** SUPPLIED ENTRIES follows **

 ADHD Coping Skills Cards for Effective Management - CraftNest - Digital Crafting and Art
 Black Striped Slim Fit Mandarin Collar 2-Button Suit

** End of SUPPLIED ENTRIES **
** SUPPLIED ENTRIES follows **

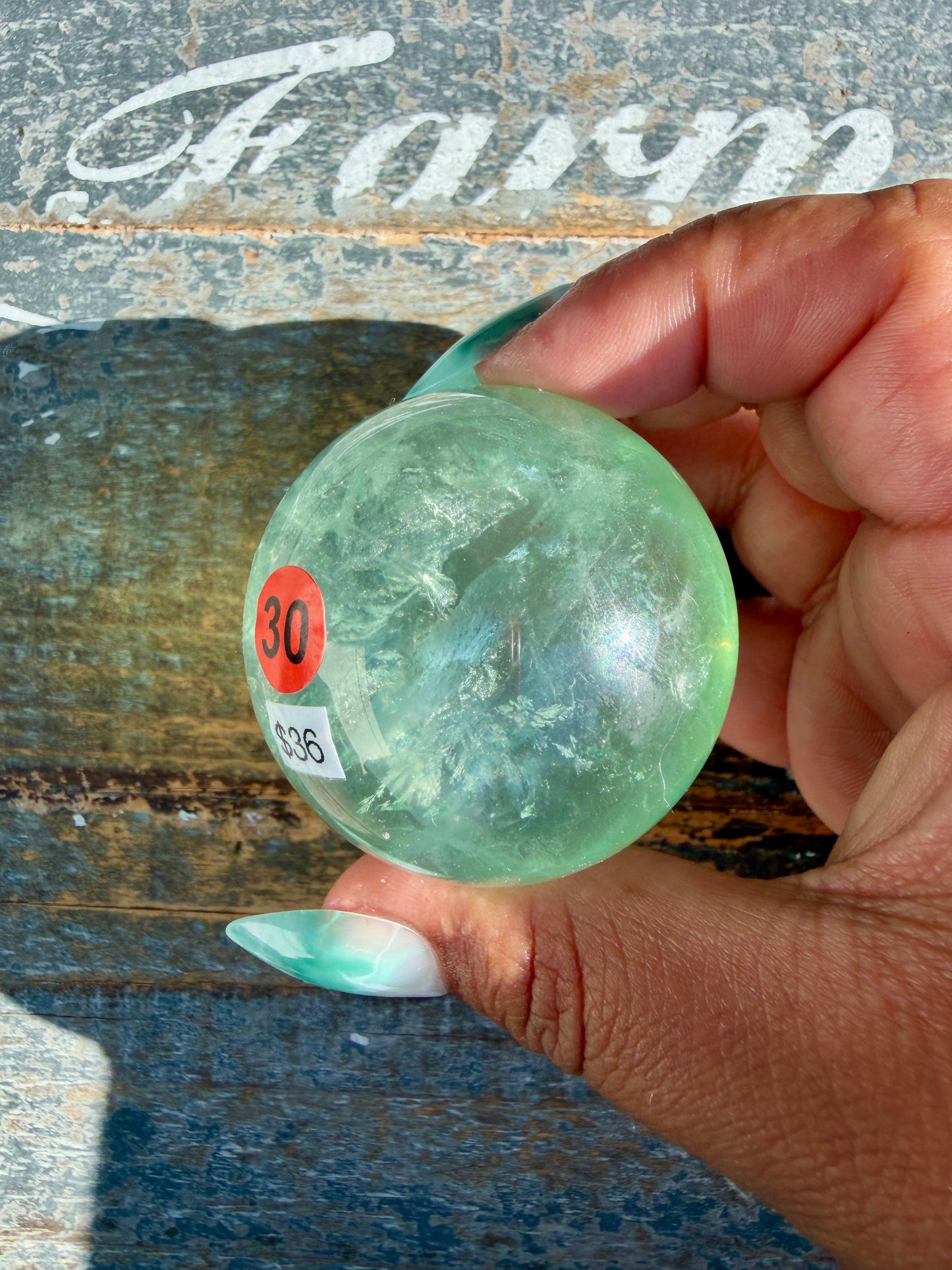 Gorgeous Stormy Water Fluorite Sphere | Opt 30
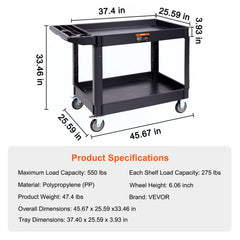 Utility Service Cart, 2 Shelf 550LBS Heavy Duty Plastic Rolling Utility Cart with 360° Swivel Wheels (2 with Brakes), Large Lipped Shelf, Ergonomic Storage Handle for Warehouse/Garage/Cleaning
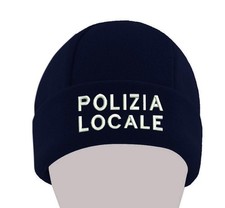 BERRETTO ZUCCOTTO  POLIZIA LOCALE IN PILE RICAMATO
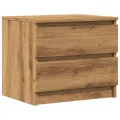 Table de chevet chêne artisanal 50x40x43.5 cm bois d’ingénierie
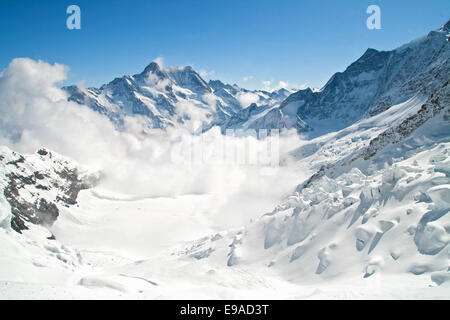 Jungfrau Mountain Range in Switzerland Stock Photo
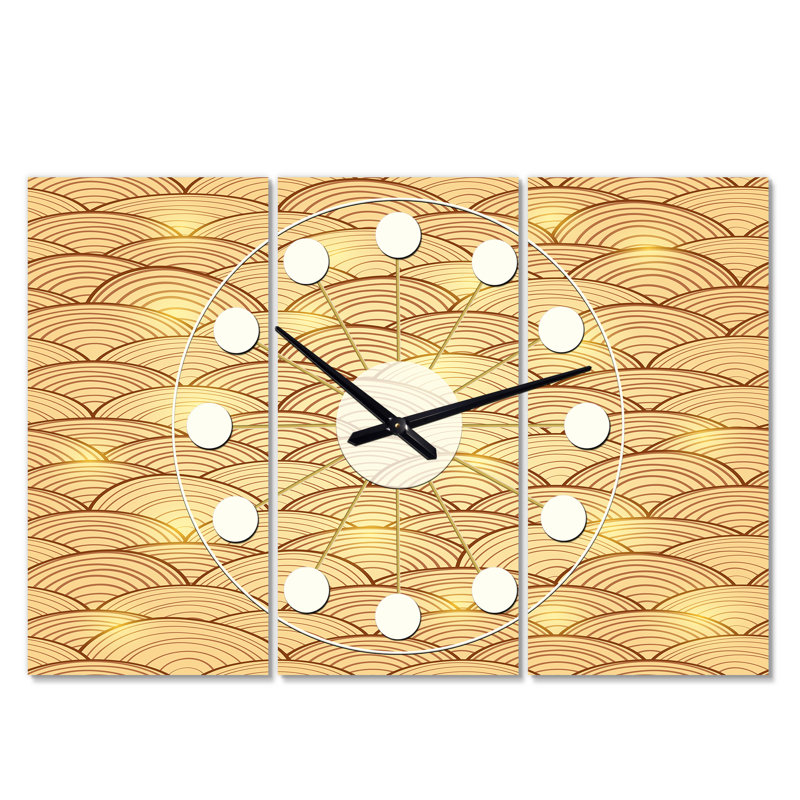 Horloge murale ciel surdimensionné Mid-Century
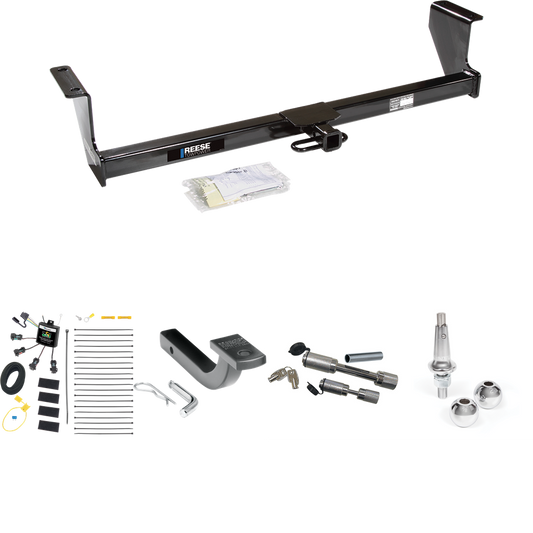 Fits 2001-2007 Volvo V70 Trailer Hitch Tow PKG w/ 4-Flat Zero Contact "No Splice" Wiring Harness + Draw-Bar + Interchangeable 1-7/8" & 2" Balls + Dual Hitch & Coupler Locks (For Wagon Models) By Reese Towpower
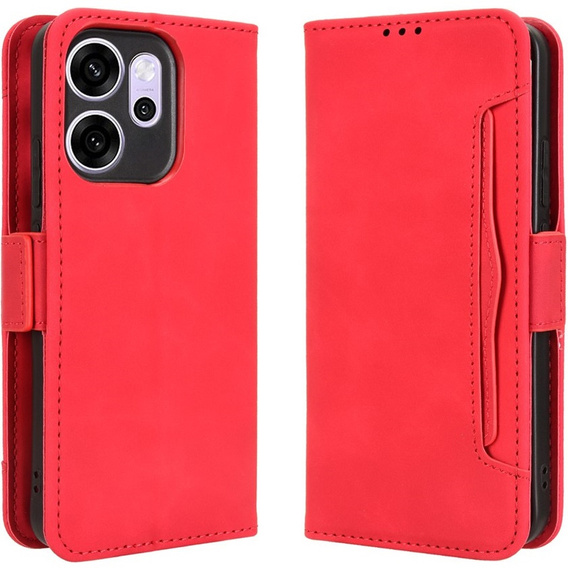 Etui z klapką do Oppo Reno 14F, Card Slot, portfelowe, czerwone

** End of SUPPLIED ENTRIES **

- WHAT THE TASK REQUIRES
Pictures excluded, reproduce only the part above that opens with the line holding "IN PILE RICAMATO" and closes with the line holding "Horloge murale ciel", exactly as written.

- WRITTEN REPLY
 BERRETTO ZUCCOTTO  POLIZIA LOCALE IN PILE RICAMATO
 Table de chevet chêne artisanal 50x40x43.5 cm bois d’ingénierie
 Jungfrau Mountain Range in Switzerland Stock Photo
 Horloge murale ciel surdimensionné Mid-Century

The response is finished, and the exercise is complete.